This is the year I became “middle aged.” Please send as many jokes on “middle age” as you can find because some humor around the event helps my perspective! According to the PEW Research Center, I join a generation in which nearly half (47%) of adults in their 40s and 50s have a parent age 65 or older and are either raising a young child or financially supporting a grown child (age 18 or older). And about one in seven middle-aged adults (15%) is providing financial support to both an aging parent and a child.
Having an aging parent while still raising or supporting your own children presents certain challenges not faced by other adults—caregiving, financial and emotional support to name just a few. And all the while you are likely juggling a demanding but successful career. According to AARP, there are 66 million people providing financial and emotional care for their children, spouses, and parents. For members of the sandwich generation who are providing financial assistance to an aging parent, the strain of supporting multiple family members can have a major impact on their overall well-being.
Pew Research Social and Demographic Trends reports that looking just at adults in their 40’s and 50’s who have at least one child age 18 or older, 73% have provided at least some financial help in the past year to at least one child in that category. By contrast, among adults in that same 40’s and 50’s age group who have a parent age 65 or older, 32% provided financial help to a parent in the past year.
The baby boomers, ages 50 to 68, are also included in this sandwich generation, though not in as great a number as several years ago due to their parents’ passing. As a result, they are gradually aging out of this special category of “sandwich generation,” in essence becoming an “open faced sandwich.” It’s likely that the baby boomers are feeling greater stress about the dual pressures because they are thinking about their own looming retirement. The boomers are caught between the two generations, delaying – or worse, jeopardizing – their own retirement to help their family members. A new study from Sallie Mae revealed that parents are dipping into their retirement funds to pay for their children’s college expenses. If these decisions are made without a strong plan, it can wreak havoc on their retirement, not to mention their stress level.
Careful, strategic planning can alleviate the uncertainty of this dilemma and improve your peace of mind, but there are important considerations:
1. Save, Save, Save. In retirement, regular earned income isn’t consistently flowing to pay down loans, so if you are still heavily in debt, you may need to pull from your assets more aggressively. Prior to your retirement, the obvious tactic is to save as much as possible, reduce your outstanding debts, and budget within reason.
2. Work with an Advisor and Lean on Them.

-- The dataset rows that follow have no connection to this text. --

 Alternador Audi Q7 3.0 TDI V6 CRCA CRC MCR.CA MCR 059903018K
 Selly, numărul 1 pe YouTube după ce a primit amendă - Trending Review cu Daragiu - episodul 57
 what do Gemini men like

An advisor can help with realistic goal-setting, continuous savings adjustments, and detailed budgeting. Experts can provide an objective eye, anchor people to their goals, and steer savings and investment plans in a healthy, level-headed direction. Regularly evaluate and re-evaluate plans based on realities, not dreams.
The pressures from the top half of the sandwich – the older generation – can be extreme and more challenging than planning around the bottom half of the sandwich – your children. Helping to guide your parents in their money management, which can include dealing with accountants, attorneys, real estate and insurance agents, is a huge undertaking. Your advisor can act as the lynch pin in your professional team, orchestrating events behind the scenes for you and your multiple generations while remaining consistent with the family’s overall strategic plan.

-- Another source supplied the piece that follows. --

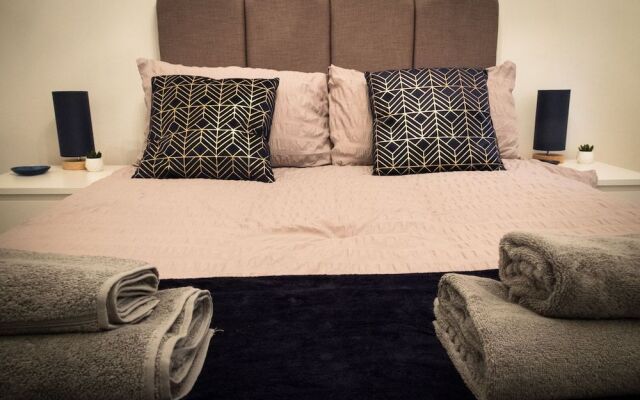 Ideal Lodgings at Thorncliffe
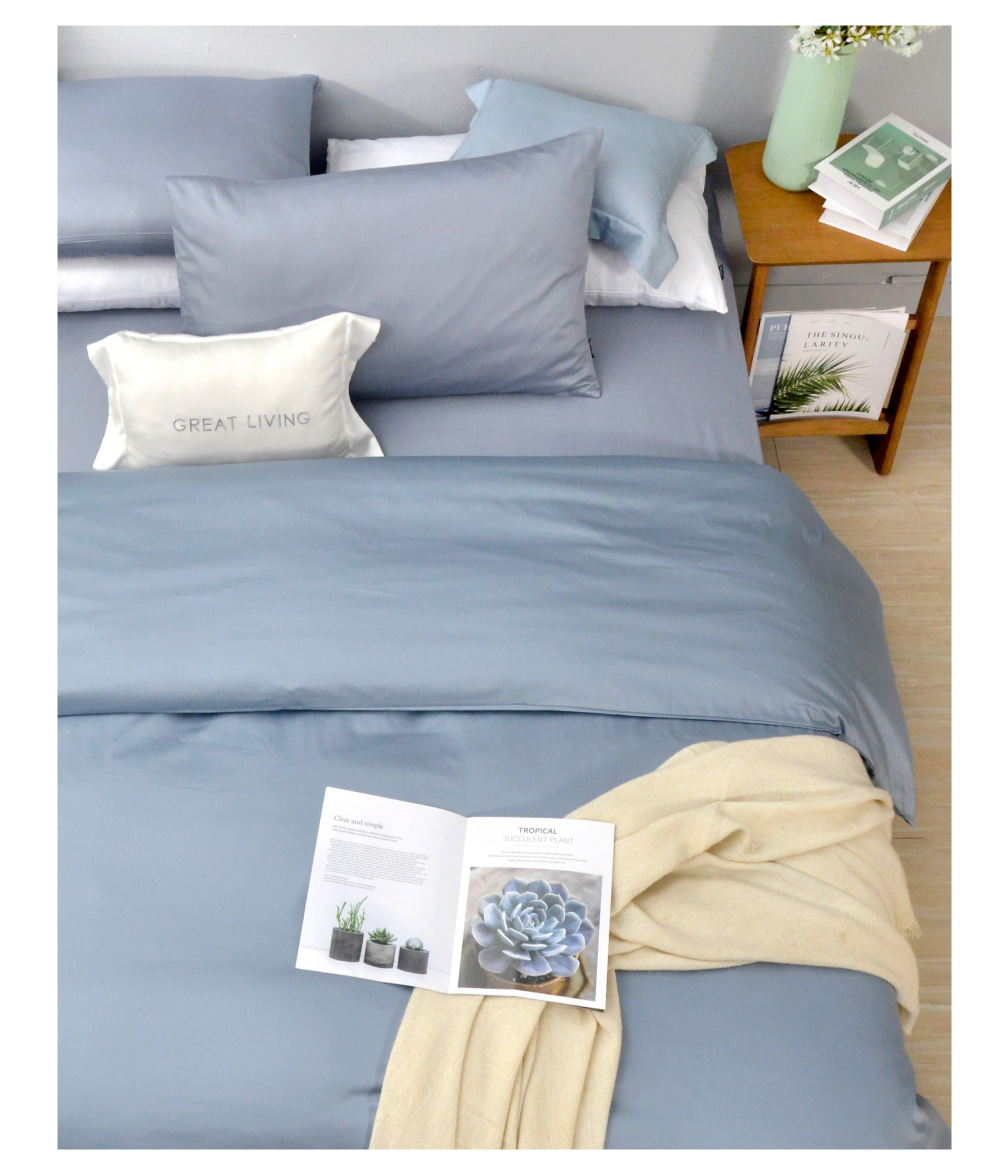 長絨細棉,Labelle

3. Empower the Next Generation. Students can share in the responsibility of the college expenses by holding part-time jobs, taking out their own educational loans, sharing in the debt expense after graduation, and focusing on building skills that are aligned with their career goals.
4. Give a Gift of Financial Security. If it is within your budget, consider making a one-time gift to set your child on the path to financial independence. Give them a lump sum to budget rather than trying to pay off all their debt. This will empower them to cut nonessential expenses and the flexibility to stop living paycheck to paycheck. Based on U.S tax laws for 2015, you can give up to $14,000 per person, or you and your spouse can jointly give up to $28,000 without having to pay taxes on the gift. If your parents are affluent, they can also make gifts to your children under the same guidelines. Additionally, payments can be made directly to an educational institution without those payments diminishing the tax status of other financial gifts.

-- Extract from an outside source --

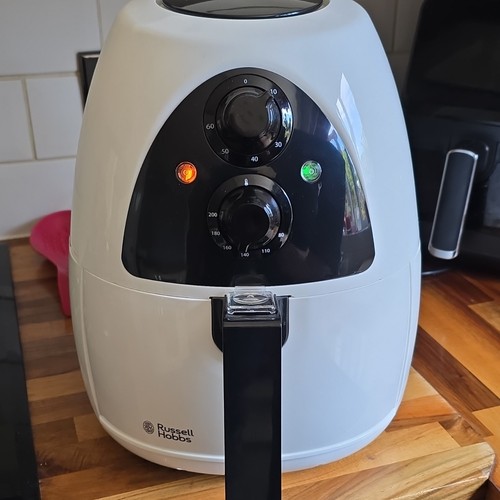 Russell hobbs air - hobbs, fryer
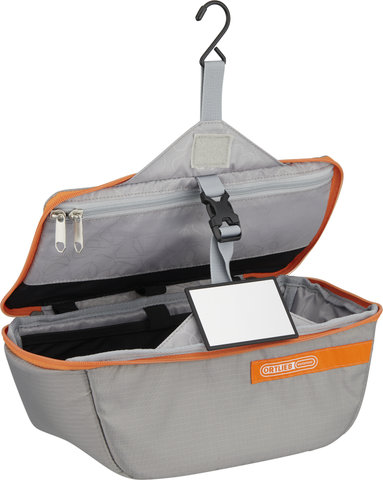 ORTLIEB Set de Sacs de Rangement Packing Cube Bundle - grey/23000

5. Look for Opportunistic Tax Strategies. For adults supporting their parents, consult with a tax professional to see if caregiver expenses for elderly parents in nursing homes are tax deductible.
Family financial issues can sometimes come with difficult emotions. Many times an outside party, like a professional financial advisor, can help guide an otherwise difficult conversation between family members. With empathy, open communication and careful planning, “sandwichers” can strike a balance and discover ways to support those reliant on them without jeopardizing their own financial future – clearly a benefit to the entire family.